(Dataset records begins)
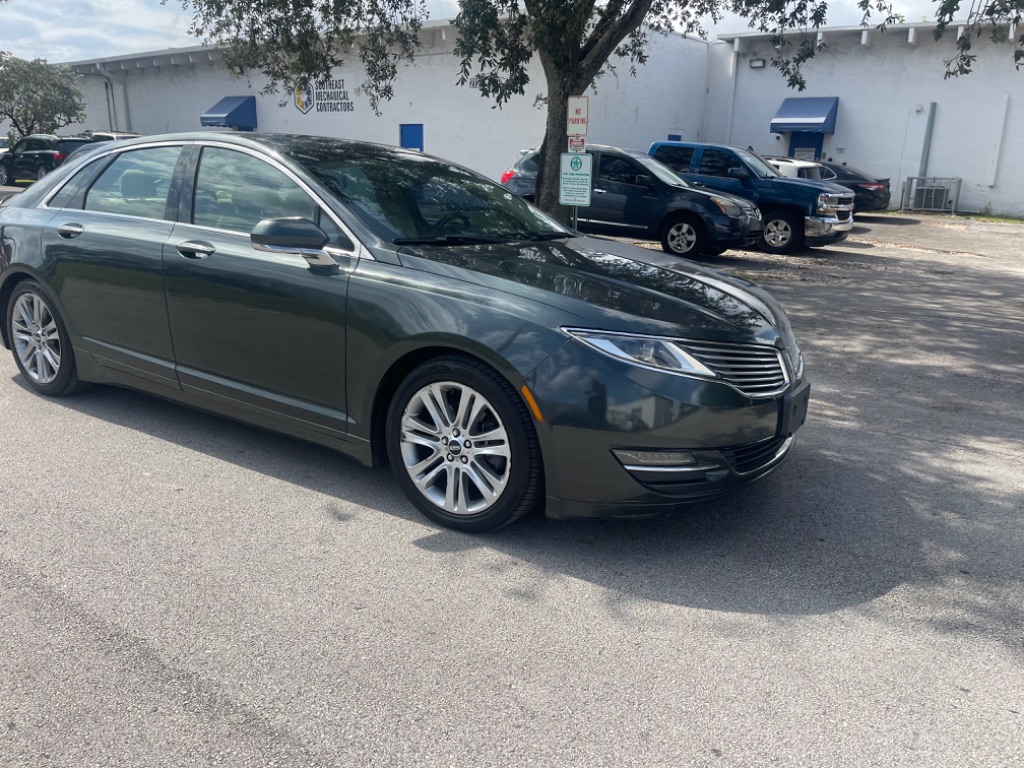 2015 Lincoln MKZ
(Dataset records ends)
(Dataset records begins)
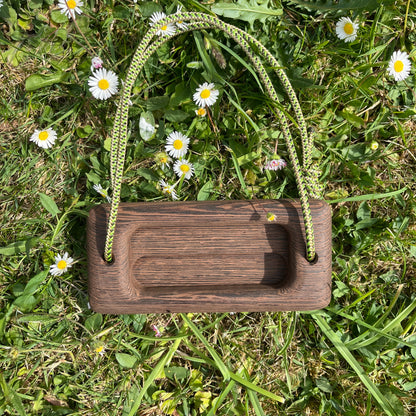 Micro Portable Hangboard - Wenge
(Dataset records ends)
(Dataset records begins)
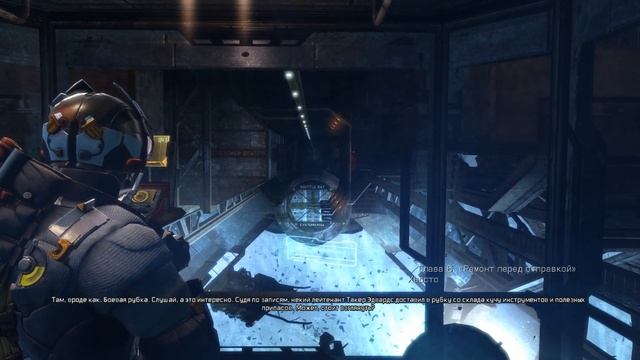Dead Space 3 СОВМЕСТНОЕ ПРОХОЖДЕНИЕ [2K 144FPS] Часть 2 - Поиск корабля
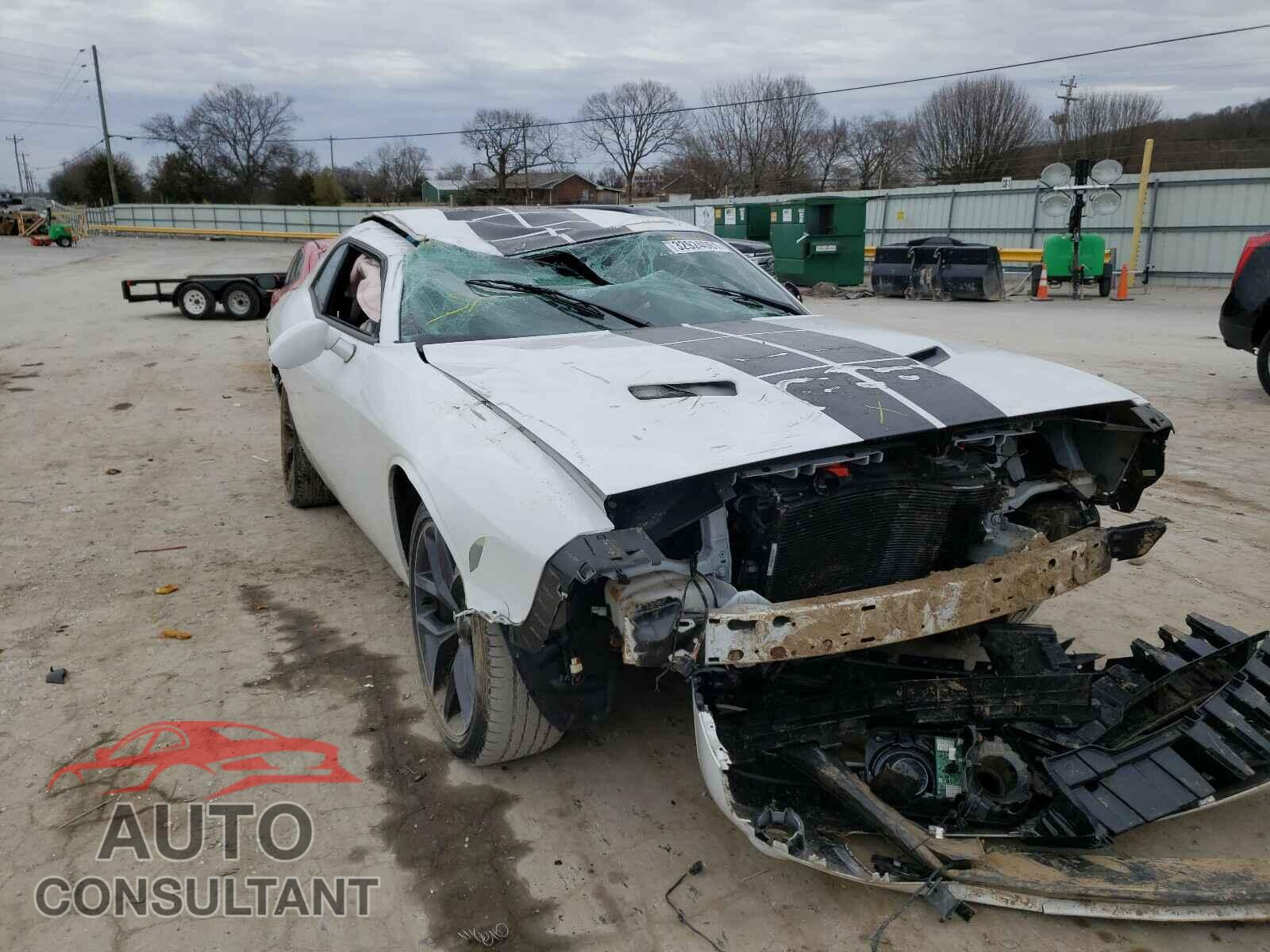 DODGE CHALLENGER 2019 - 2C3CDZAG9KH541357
(Dataset records ends)
Please set down, exactly and with no pictures, the lines in the entries above starting at the one holding "Dead Space 3" and ending at the one holding "DODGE CHALLENGER 2019 - 2C3CDZAG9KH541357", ends included.

Dead Space 3 СОВМЕСТНОЕ ПРОХОЖДЕНИЕ [2K 144FPS] Часть 2 - Поиск корабля
 DODGE CHALLENGER 2019 - 2C3CDZAG9KH541357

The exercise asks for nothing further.